Every time you log a session, WodPilot recalculates your fitness, fatigue, and form values using your complete training history. When form is dropping — even if you feel fine — WodPilot knows trouble is coming. When form is rising after a deload — even if you don't feel "ready" yet — WodPilot knows you're primed to perform.
The Supercompensation Window
This is where the model gets powerful: it predicts the best time to push hard.
After accumulated training followed by a deliberate reduction in load, your fatigue drops fast (15-day decay) while your fitness drops slow (45-day decay). There's a window — usually 7–14 days after a deload begins — where the gap between fitness and fatigue is at its maximum.

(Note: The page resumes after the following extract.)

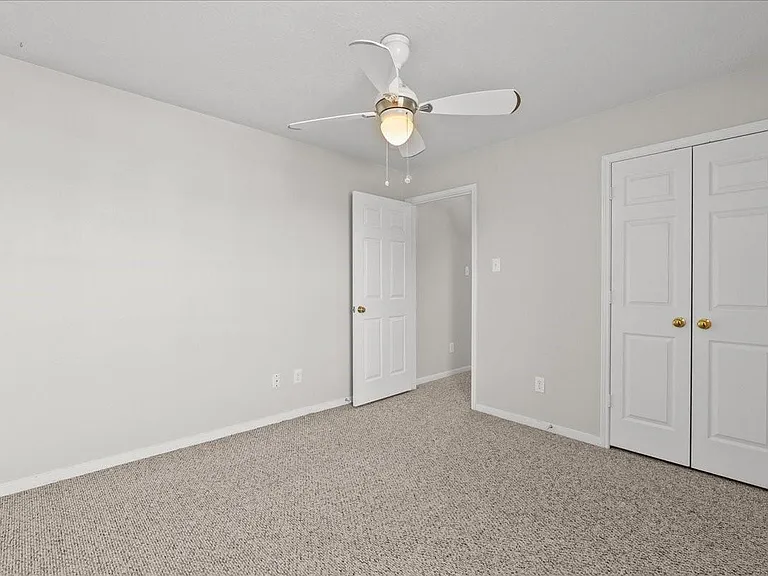 7535 Park Bend Ln — Photo 18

This is the supercompensation window. It's when PRs happen, competition performances peak, and benchmark retests show the biggest improvements.
A Real Example
Here's what your curves might look like across a 12-week block:
Weeks 1–4 (Accumulation)
- Fitness: Rising steadily from baseline
- Fatigue: Rising, but manageable
- Form: Slightly positive — you feel good, training is productive
Weeks 5–8 (Intensification)
- Fitness: Still climbing (45-day decay means earlier work still contributes)
- Fatigue: Spiking from heavier loads
- Form: Dropping — you feel more tired despite being fitter
Late Week 8
- Fitness: Near peak
- Fatigue: At peak
- Form: At its lowest — this is where you feel terrible despite being objectively fitter than ever
Weeks 9–11 (Peaking + Taper)
- Fitness: Still high (slow 45-day decay)
- Fatigue: Dropping fast (quick 15-day decay)
- Form: Rising rapidly — the supercompensation window opens
Without the model, week 8 is where athletes panic. "I feel terrible, I must be doing something wrong." They either push harder (making it worse) or quit (missing the payoff). With the model, week 8 is expected. It's the valley before the peak. WodPilot won't let you bail on the plan when the science says you're exactly where you need to be.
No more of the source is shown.